There is no meaning to loading database fields and calling them entity properties. You have no idea what the entity controller class is and what it might do during loading, equally you do not know what load hooks might do.

For example, good luck integrating entity cache into this.

The only meaningful thing you can do with an entity is to entity_load it and that's it.

It's frightening that this module exist because it shows people are STILL coding around the APIs instead of using them. I can't possibly imagine a use case for this -- if you have really large entities and you want to process a number of them use drush or batch API.

Comments

Nick_vh’s picture

We had this discussion on IRC. The module serves its purpose and helps solving a use-case I had and seems to help some other folks.
I'm ok with adding a warning sign that this does NOT take anything out of cache and does not always get what you expect but it does make EFQ more usable.
The idea is that this is like a db_query but then less complex and you work with semantic language to form your query. Not more, not less.

I'd be happy to talk a little more on how we can solve this in a higher level so that EFQ becomes more useful and not just a class to search entities with.

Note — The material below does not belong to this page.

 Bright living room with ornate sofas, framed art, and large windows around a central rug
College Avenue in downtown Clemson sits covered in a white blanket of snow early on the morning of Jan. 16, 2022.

Some replies on twitter back this up:
https://gist.github.com/attiks/a555ff84e16100d62532

Again, I'm not saying this should be part of core, nor was it my intention to avoid using APIs. This is a way to solve what I needed.

attiks’s picture

Moving my use case to this issue:

Use case:

Drupal 7
User has 30+ fields
500.000+ users

System is used to send out personilized mass mailings, the sending part is done by an external system that queries the Drupal site to retrieve the next batch of users (500 each time), and for each user we only need some of the fields (uid, name, mail, status, language, first name, last name), all other fields are not relevant for the sending.

We now use a db_query to select the fields we need, using http://drupal.org/project/efq_extra_field is a better way. I know for D8 we can still construct our own query, but something like efq_extra_field would be nice to have.

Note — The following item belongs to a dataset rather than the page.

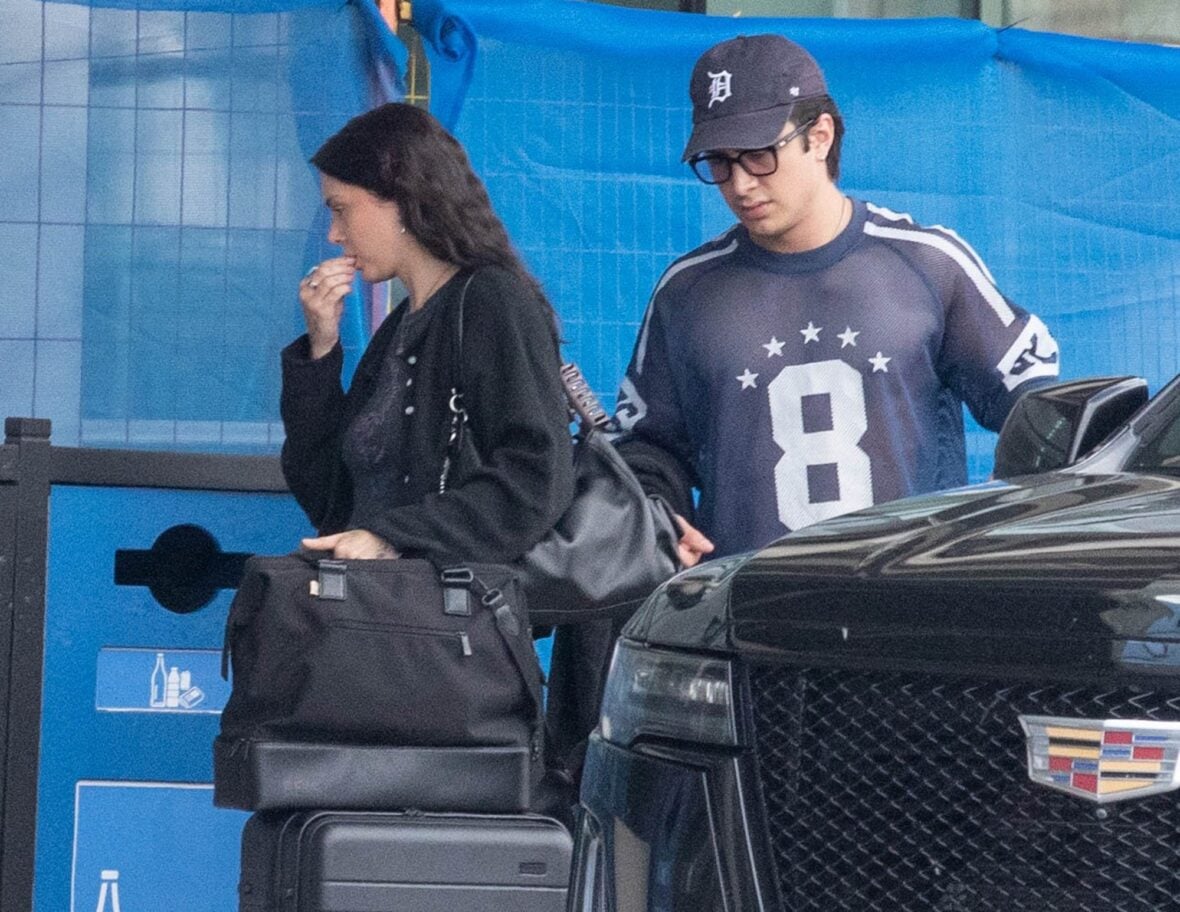 Hudson Williams and Katelyn Larson walking together in Toronto Airport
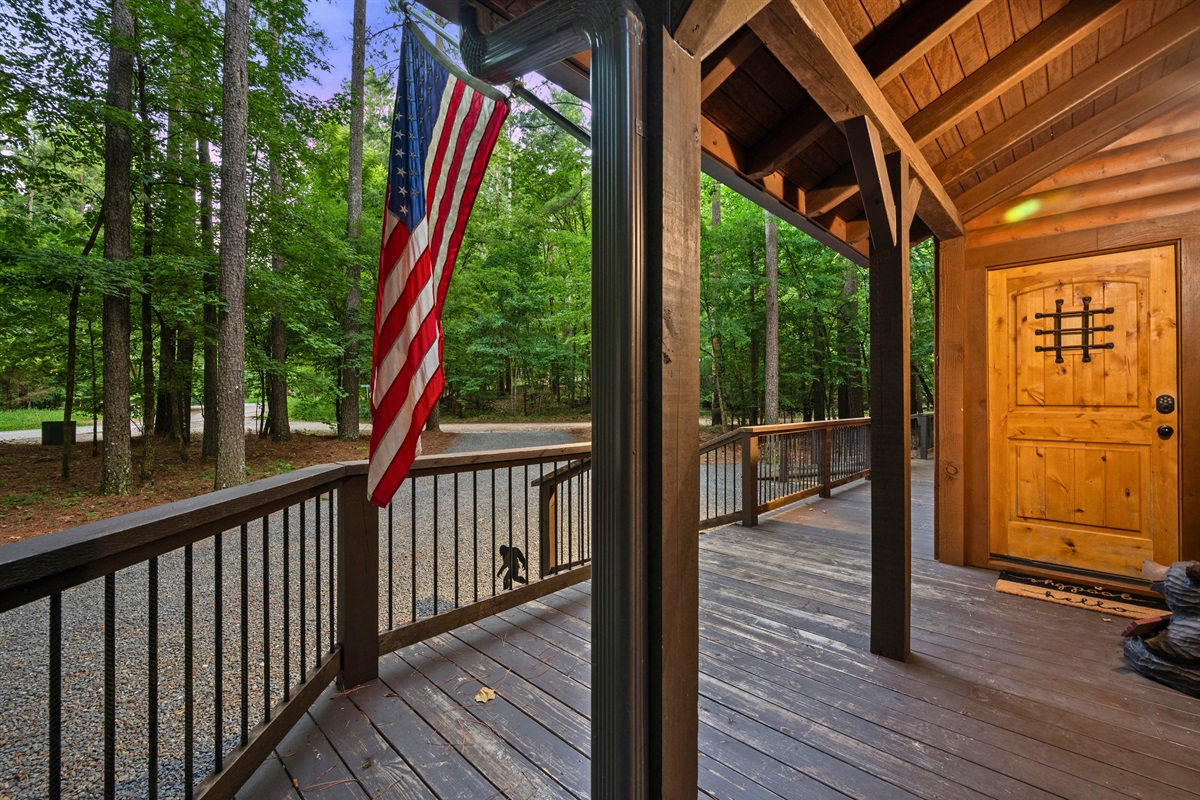 Wraparound porch with railing, American flag, and forest views — perfect for morning coffee or evening chats.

The reason we want to avoid entity_load is performance, we only need to query a certain user once a week, storing all 500.000 users into a cache is over kill.

I agree this is not for the faint of heart, but it has it's place in the drupal eco system.

attiks’s picture

Caching all user objects to only query them once a week or so is IMHO over kill, during that week some fields on the user entity can be changed so most of the cache will be stale anyways. Whenever a user logs in, we update some fields from an external ERP system, because they have to be correct. The only reason users login is the change some of their account details.

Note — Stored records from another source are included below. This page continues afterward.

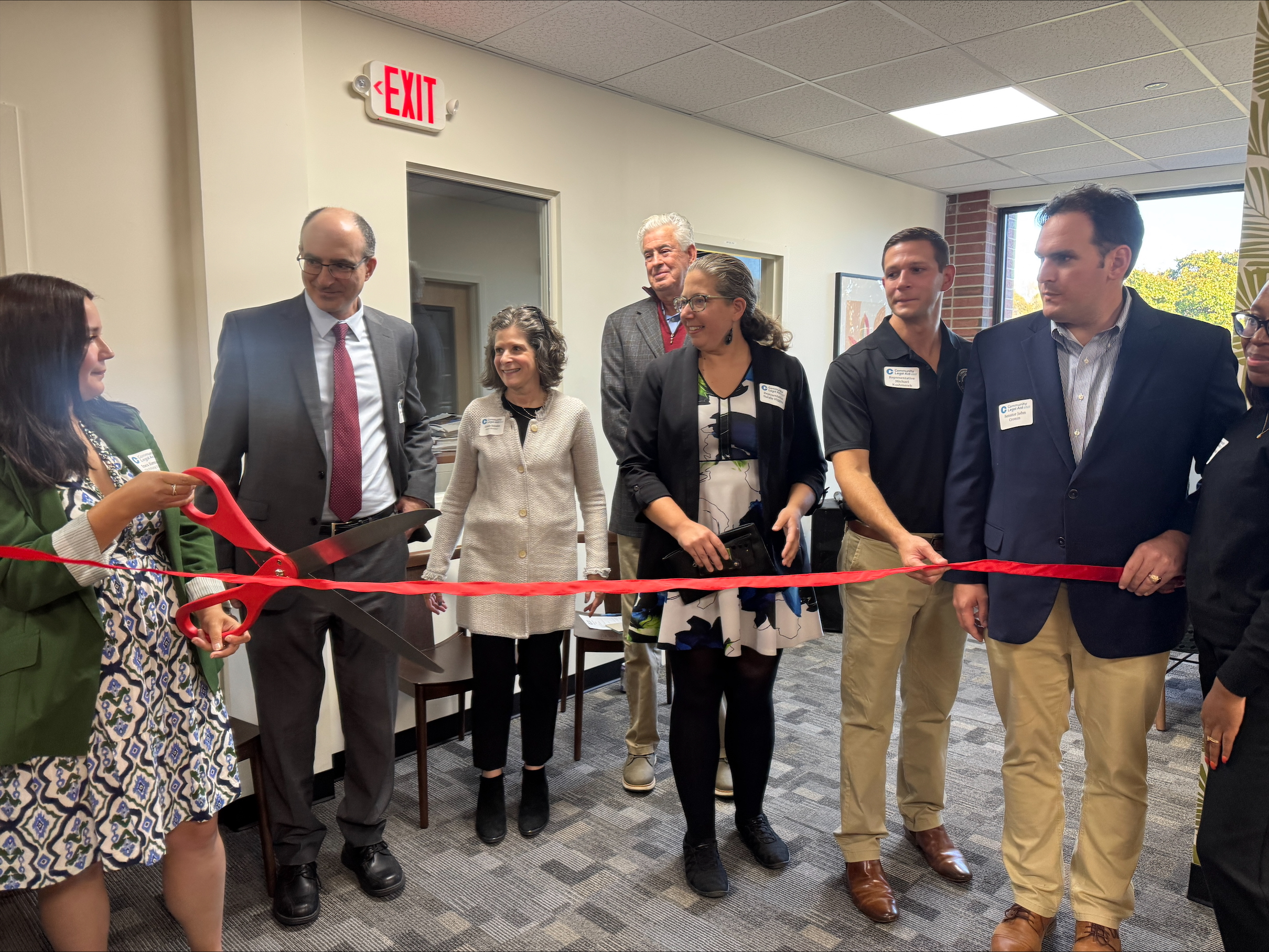 A group of people stand in a line inside an office with one person cutting a red ribbon with a pair of large scissors.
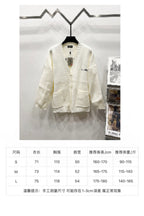 Cream knit V-neck cardigan on hanger with size chart table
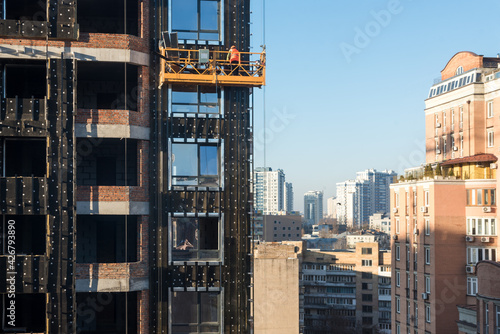 High rise construction work. Construction site workers in cradles working with facade. Suspended cradle for builders to work outside the skyscraper. Building construction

Keep in mind this is an edge case, I'm only supplying it as an example why this module might be usefull

DamienMcKenna’s picture

@attiks: The extra detail you provide for your edge case, specifically

we update some fields from an external ERP system

suggests that maybe the system should just talk directly to the ERP system rather than load data from Drupal at all?

attiks’s picture

#4 in an ideal world you would be right, but we don't have control over that part, it's an old, slow and unstable system so we can not rely on it and whenever the backup is running their API end points aren't even accessible.

DamienMcKenna’s picture

@attiks: So again it seems like you'd be better off caching everything and then only dealing with data updates as needed, IMHO that would also simplify code maintenance.

Nick_vh’s picture

Title: The whole module is broken and invalid » Caution: This module comes with warnings

renaming the title to be a little less dramatic and I don't see how we can fix anything here.

Can we work towards a textual explanation warning users before they use this module? That might be a good way to scare starters but still leave this module for those that really want to use it.

chx’s picture

Title: Caution: This module comes with warnings » The whole module is broken and invalid

The question here is, if you want to deal with SQL data why are you calling it an entity and abusing EFQ over it? That's the problem. You do not have entities if you talk to SQL directly.

Edit: sorry: x-post.

Nick_vh’s picture

The returned object is by no means an entity. It is basically a search tool that allows you to also give you some of the metadata that you otherwise would have available if EFQ would not remove the data at the first place.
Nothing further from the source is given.